→ WHAT TO PRODUCE
Set down all of the entries precisely as they were written.

[Dataset items]
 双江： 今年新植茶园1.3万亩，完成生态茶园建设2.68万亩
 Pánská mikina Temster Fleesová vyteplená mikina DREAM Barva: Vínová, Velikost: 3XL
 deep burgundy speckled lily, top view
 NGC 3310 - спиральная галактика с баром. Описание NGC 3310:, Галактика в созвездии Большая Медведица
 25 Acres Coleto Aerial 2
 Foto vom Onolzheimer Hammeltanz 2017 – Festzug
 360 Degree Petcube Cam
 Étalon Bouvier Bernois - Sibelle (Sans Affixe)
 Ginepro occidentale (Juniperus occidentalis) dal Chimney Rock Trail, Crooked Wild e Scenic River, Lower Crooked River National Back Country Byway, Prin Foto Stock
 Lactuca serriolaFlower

→ SOLUTION TO THIS PROBLEM
 双江： 今年新植茶园1.3万亩，完成生态茶园建设2.68万亩
 Pánská mikina Temster Fleesová vyteplená mikina DREAM Barva: Vínová, Velikost: 3XL
 deep burgundy speckled lily, top view
 NGC 3310 - спиральная галактика с баром. Описание NGC 3310:, Галактика в созвездии Большая Медведица
 25 Acres Coleto Aerial 2
 Foto vom Onolzheimer Hammeltanz 2017 – Festzug
 360 Degree Petcube Cam
 Étalon Bouvier Bernois - Sibelle (Sans Affixe)
 Ginepro occidentale (Juniperus occidentalis) dal Chimney Rock Trail, Crooked Wild e Scenic River, Lower Crooked River National Back Country Byway, Prin Foto Stock
 Lactuca serriolaFlower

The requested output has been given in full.